CDJ – Ma plus jolie anecdote ? Il y trois ans, je prenais un bus pour me rendre dans un aéroport à destination de la Norvège. Dans ce bus, une femme est venue s’asseoir à côté de moi à la dernière place disponible. Nos regards se sont croisés… Le juge Eva Joly ! Mon bourreau ! J’étais glacée. Pendant une heure, j’ai beaucoup parlé. Je lui ai dit combien elle s’était trompée en se focalisant sur Roland Dumas et une affaire de chaussures, alors qu’il fallait se focaliser sur l’affaire des Frégates, qu’elle n’avait pas voulu instruire comme un autre juge l’a fait courageusement après son départ. Je lui reprochais de ne pas m’avoir écoutée, de ne pas avoir voulu lire aucun de mes livres !!! A l’époque où elle m’avait incarcérée pour me faire parler uniquement de ce qu’elle voulait entendre, et bien ce jour-là, dans ce bus, elle priait pour que je me taise ! (Sourires)… La vie souvent nous joue des tours et s’amuse !
Depuis vous vous êtes lancée dans la musique entre autres. Vous avez d’ailleurs un titre en écoute sur MYSPACE « Une femme ». Parlez-nous de cette passion et de sa portée pour vous?
CDJ – La musique ? Enfin, j’ai tourné une page sur ce cauchemar et je suis retournée à la vraie vie. Pour moi, la musique en fait partie. J’ai épousé, il y a trois ans un musicien compositeur, producteur norvégien très célèbre en Scandinavie. Il m’a demandé d’écrire des textes et m’a aidée à travailler ma voix. Nous préparons tous les deux un album. La chanson que vous avez entendue sur Myspace , « Une femme », est la première enfin terminée.
Enfant, j’ai pendant douze ans pris des cours d’harmonie et instrument. Je voulais être compositeur. Aujourd’hui je laisse à mon époux le soin de composer, je me contente d’écrire les textes et de chanter et souvent en duo avec lui. Je m’éclate !!! (rires)
Sur votre profil facebook, il y a une citation de Madame de Stael « La gloire est pour une femme le deuil éclatant du bonheur ». Pouvez-vous nous en dire plus?
CDJ – Je trouve que cette citation me correspond parfaitement. Quand j’entendais certains dire ou me reprocher d’avoir « joué la star dans les médias » et de rechercher la notoriété, personne ne pouvait réellement imaginer ce que cela cachait de souffrances, de peurs, d’angoisses, de misères…. Oui, cette « gloire » n’était que le deuil éclatant de tout ce qui avait été les bonheurs de ma vie d’avant et qui s’étaient brutalement transformés en cauchemar. Je vivais très bien dans l’ombre avant qu’on ne vienne me chercher. Comme quoi, il ne faut pas toujours donner trop de crédit aux images tabloïds. En ce qui me concerne, j’ai protégé ma vie derrière cette lumière en souriant… c’était le but et seulement cela !
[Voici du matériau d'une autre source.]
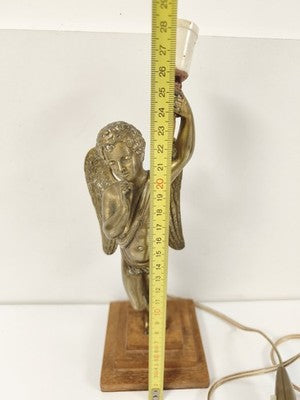 Lampe ancienne bronze patiné doré, ange ailé, socle bois, électrifiée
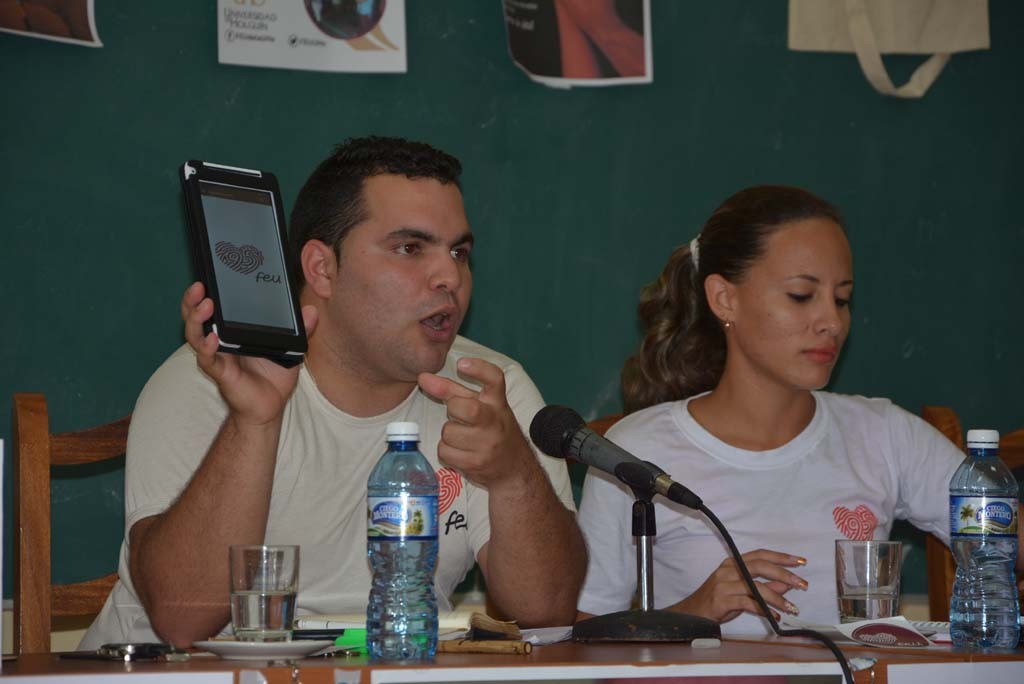 Variadas serán las actividades que se realizarán en todo el país para festejar el aniversario 95 de la FEU. Desarrollado en la sede José de la Luz y Caballero, el 23 de febrero de 2017. Foto: Yudith Rojas Tamayo/UHO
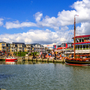 Büsumer Hafen bei blauen Himmel mit Wolken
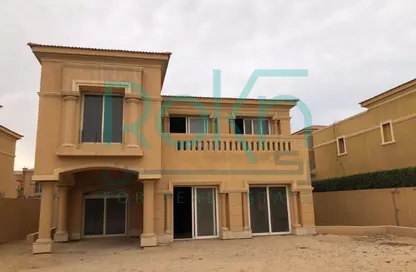 Villa - 6 Bedrooms - 6 Bathrooms for sale in Royal Meadows - Sheikh Zayed Compounds - Sheikh Zayed City - Giza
Pour finir, quels sont vos projets les plus chers à l’heure actuelle?
CDJ – Un non-lieu récemment m’a aidé à tirer un trait sur ce passé. Je suis blanchie et soulagée. Mon regret : onze ans de souffrances pour rien ! Tout ça pour ça… Alors me reconstruire avec des projets : cet album musique en préparation et puis l’écriture plus que jamais. Je n’ai jamais cessé. J’écris des contes fantastiques que j’illustre, car une autre ancienne passion : le dessin et la peinture…(mon père était artiste peintre graveur et sculpteur), publiés en Norvège. En France je ne sais pas… difficile ici de changer mon image et de sortir du tiroir où l’on m’a enfermée! Un éditeur récemment qui a voulu lire un de ces contes a regretté « qu’il n’y ait pas des révélations sur les chaussures de Dumas ». Dommage ! Un projet de théâtre sur scène au printemps prochain à Toulouse. Un film, long métrage fiction inspirée de mon histoire en préparation qui me réjouit… Et puis apprendre à savourer des petits morceaux de bonheur chaque jour… il y en a si l’on veut s’en donner la peine, même dans les moments les plus sombres.
Propos recueillis par Nicolas Vidal.